**DATA FOR THE TASK**

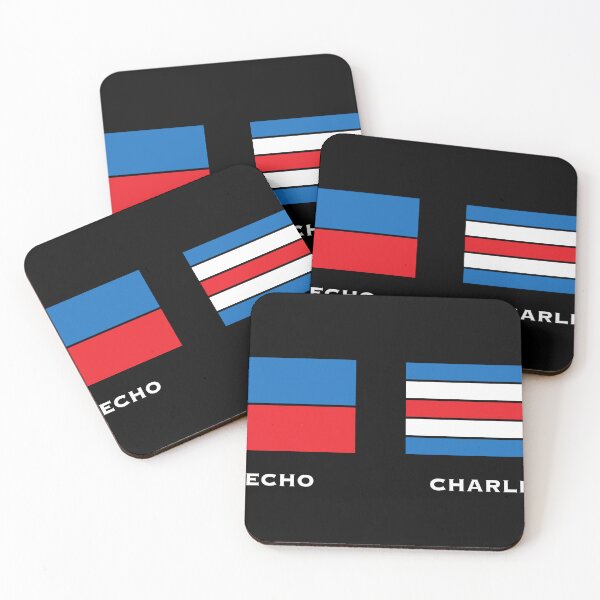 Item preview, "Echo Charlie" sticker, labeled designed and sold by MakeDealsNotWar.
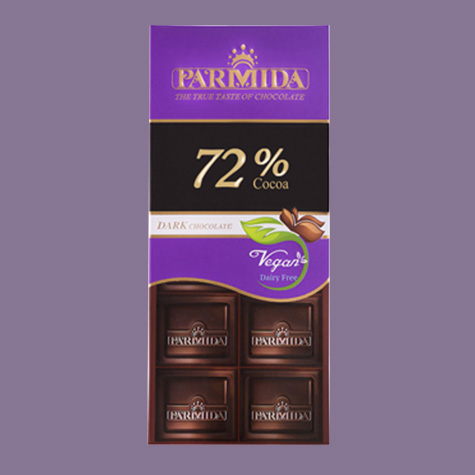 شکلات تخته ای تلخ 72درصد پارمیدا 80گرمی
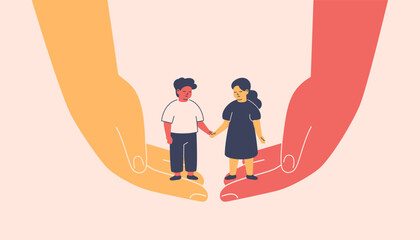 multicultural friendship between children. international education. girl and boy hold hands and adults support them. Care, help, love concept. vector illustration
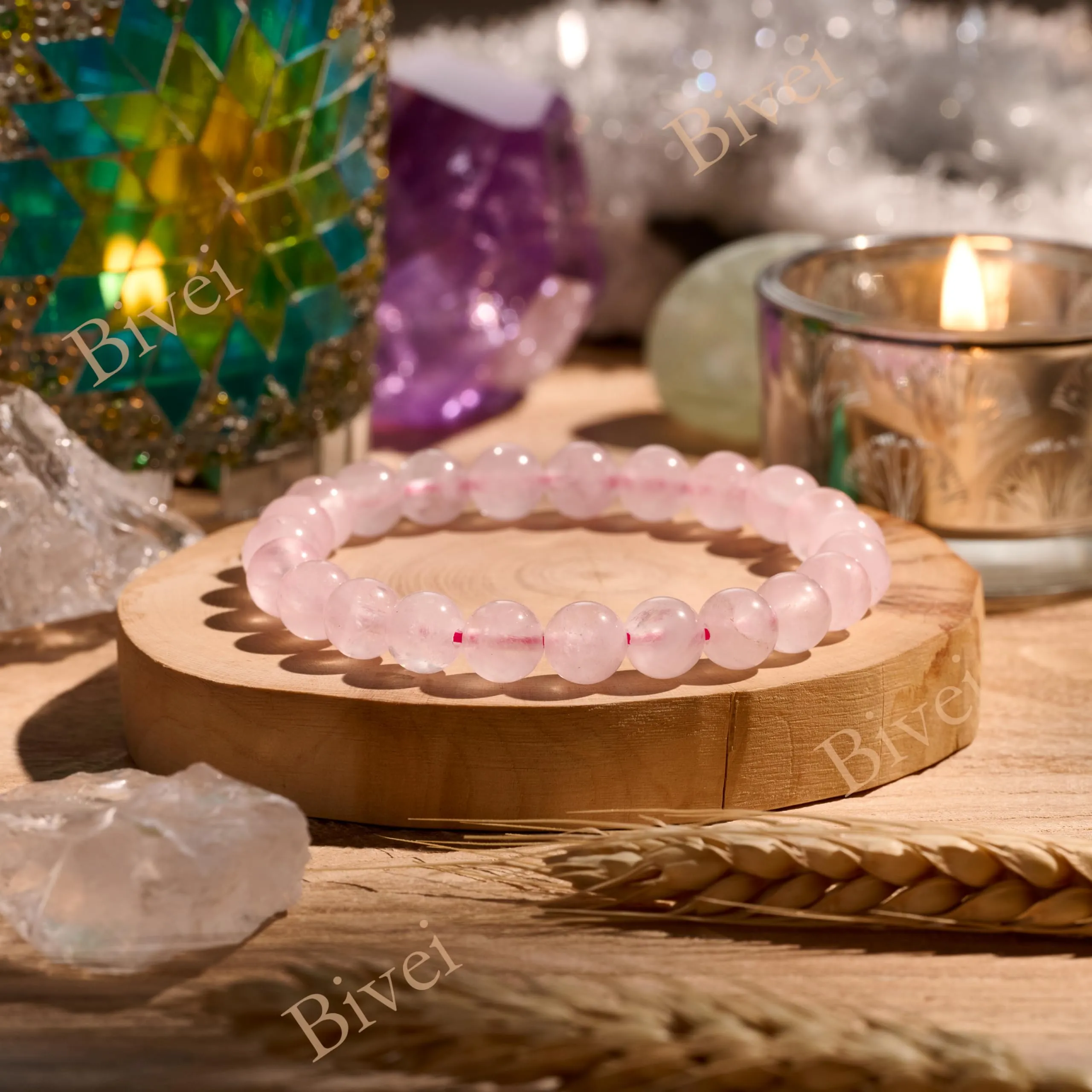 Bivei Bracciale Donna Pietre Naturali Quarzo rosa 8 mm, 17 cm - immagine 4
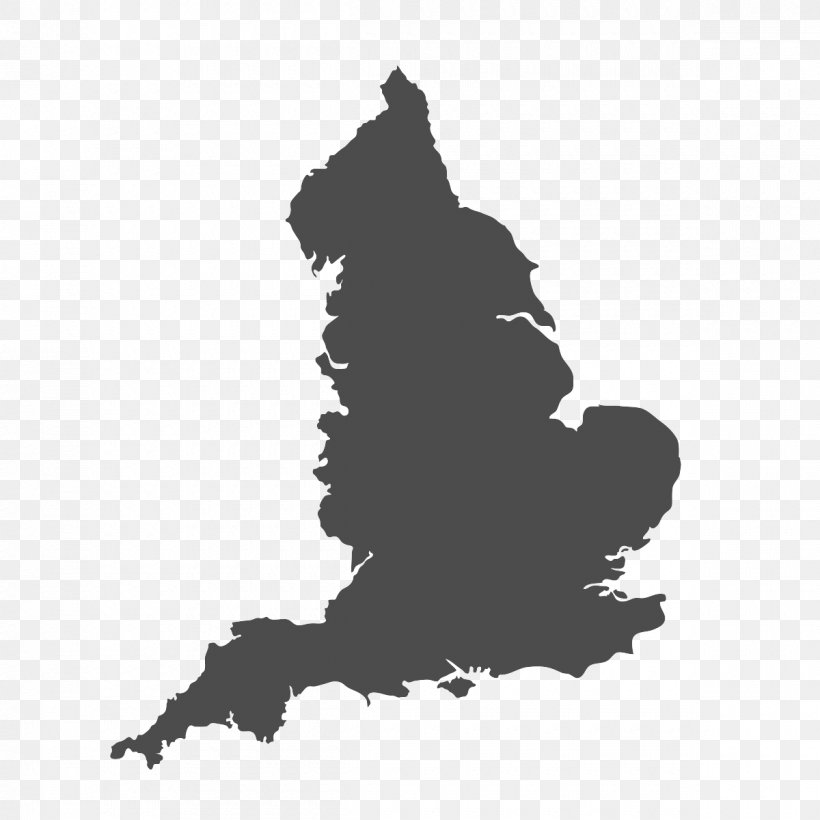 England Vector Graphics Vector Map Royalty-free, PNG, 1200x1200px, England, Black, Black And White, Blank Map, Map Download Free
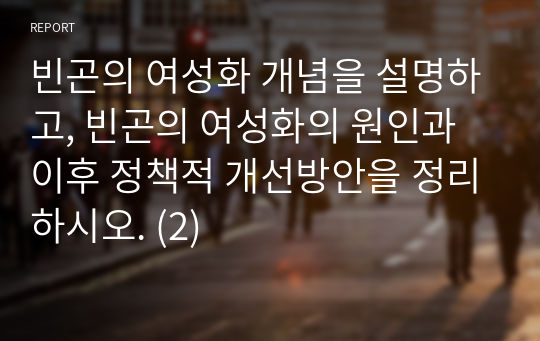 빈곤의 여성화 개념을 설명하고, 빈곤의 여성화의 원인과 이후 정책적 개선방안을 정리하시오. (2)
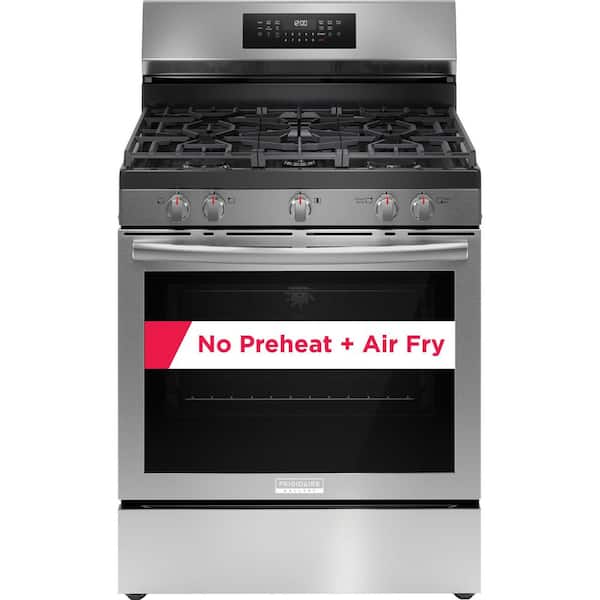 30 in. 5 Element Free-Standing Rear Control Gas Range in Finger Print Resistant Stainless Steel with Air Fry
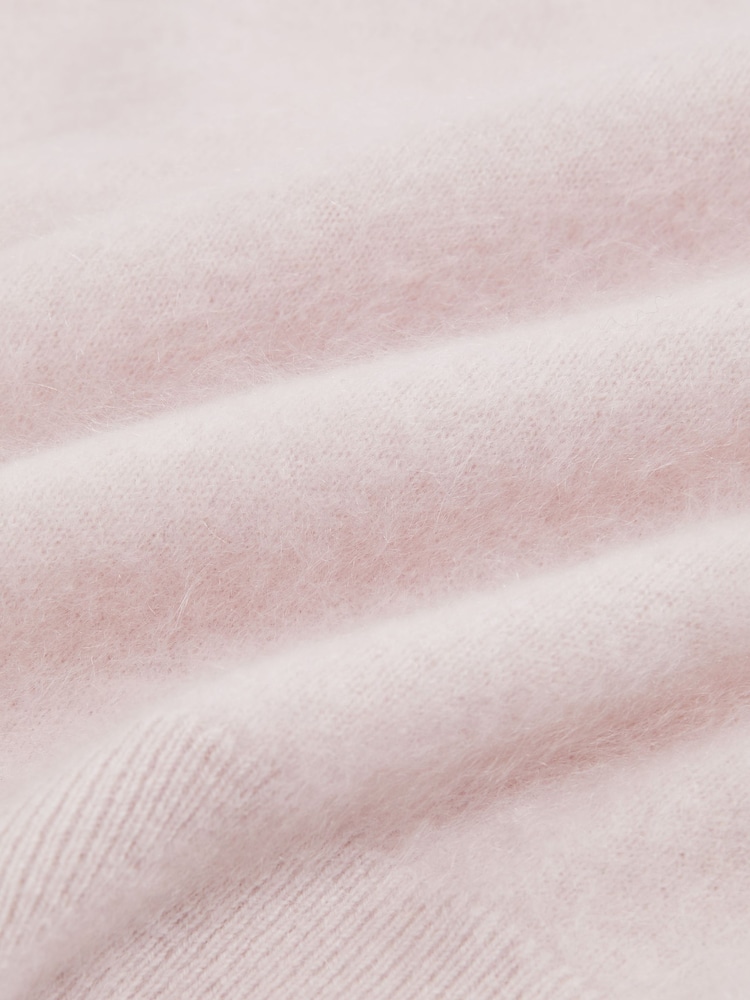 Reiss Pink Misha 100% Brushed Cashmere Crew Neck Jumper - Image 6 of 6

**EXERCISE DESCRIPTION**
Except for pictures, copy the records above exactly.

**EXERCISE OUTPUT**
 Item preview, "Echo Charlie" sticker, labeled designed and sold by MakeDealsNotWar.
 شکلات تخته ای تلخ 72درصد پارمیدا 80گرمی
 multicultural friendship between children. international education. girl and boy hold hands and adults support them. Care, help, love concept. vector illustration
 Bivei Bracciale Donna Pietre Naturali Quarzo rosa 8 mm, 17 cm - immagine 4
 England Vector Graphics Vector Map Royalty-free, PNG, 1200x1200px, England, Black, Black And White, Blank Map, Map Download Free
 빈곤의 여성화 개념을 설명하고, 빈곤의 여성화의 원인과 이후 정책적 개선방안을 정리하시오. (2)
 30 in. 5 Element Free-Standing Rear Control Gas Range in Finger Print Resistant Stainless Steel with Air Fry
 Reiss Pink Misha 100% Brushed Cashmere Crew Neck Jumper - Image 6 of 6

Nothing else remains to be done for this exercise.